Awardees included Steve Cole, PhD (epidemiology), Lori Evarts, MPH (Public Health Leadership Program), Rebecca Fry (environmental sciences and engineering), Amanda Holliday, MS (nutrition), Lew Margolis, PhD (maternal and child health), Beth Moracco, PhD (health behavior), Kathy Roggenkamp, MA (biostatistics) and Karl Umble, PhD (health policy and management).
First presented in February 2012, the awards honor faculty members who “improve the learning environment by integrating new technologies, engaging students in interactive activities, employing creative assessment methods, and introducing and incorporating progressive curriculum ideas into the classroom.”
A $1,000 prize is intended to help each awardee advance his or her educational development in teaching and learning.
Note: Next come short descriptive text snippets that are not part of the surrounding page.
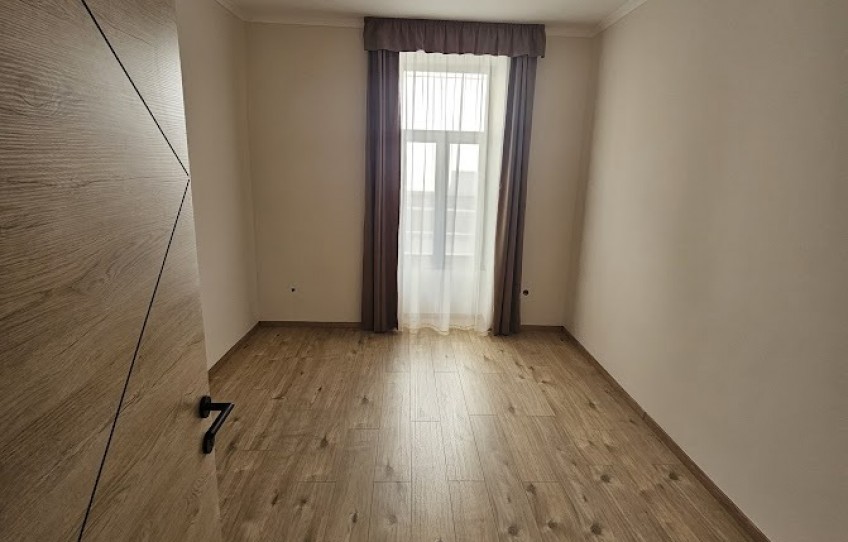 Pécs Kiadó Iroda Ferenc utca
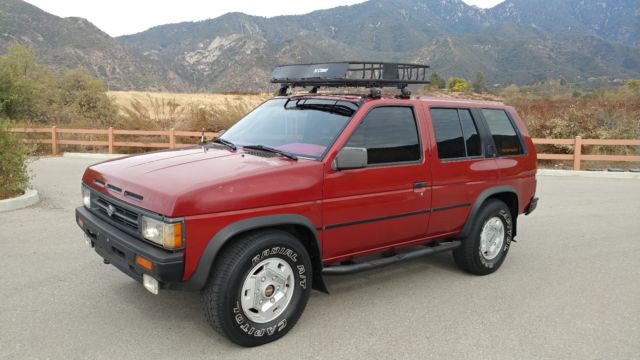 1990 Nissan Pathfinder SE 4x4 - photo 2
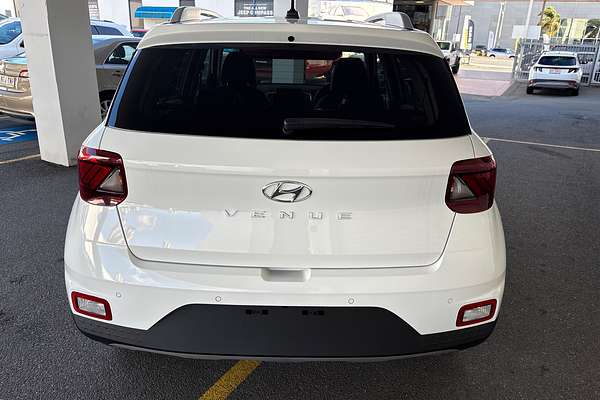 2025 Hyundai Venue Elite QX.V5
The teaching innovation initiative developed out of the School’s SPH2020 efforts and through a teaching and learning task force held at the School in 2011. The task force had recommended identification, encouragement and reward of high-quality teaching; enhanced technology and applications for teaching and learning; and identification and support of faculty members who are early adopters of curriculum innovation.
The School’s academic programs committee sponsored the event.
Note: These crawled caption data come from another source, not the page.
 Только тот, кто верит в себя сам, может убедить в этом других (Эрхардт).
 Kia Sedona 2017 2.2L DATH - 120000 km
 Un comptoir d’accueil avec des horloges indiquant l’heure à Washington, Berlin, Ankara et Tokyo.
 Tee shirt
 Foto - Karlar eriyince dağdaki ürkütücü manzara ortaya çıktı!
“I am delighted that we on the academic programs committee, with support from chairs, central administration units, and Dean Rimer, are committed to the professional development of faculty members and to rewarding them for excellence in teaching and learning,” said Anna Maria Siega-Riz, PhD, professor of nutrition and epidemiology and associate dean for academic affairs at the School.
Siega-Riz also recognized Kelsey Knight, bachelor’s student in health policy and management, and Amy Huber, doctoral student in epidemiology, who coordinated student voting for the teaching innovation prizes.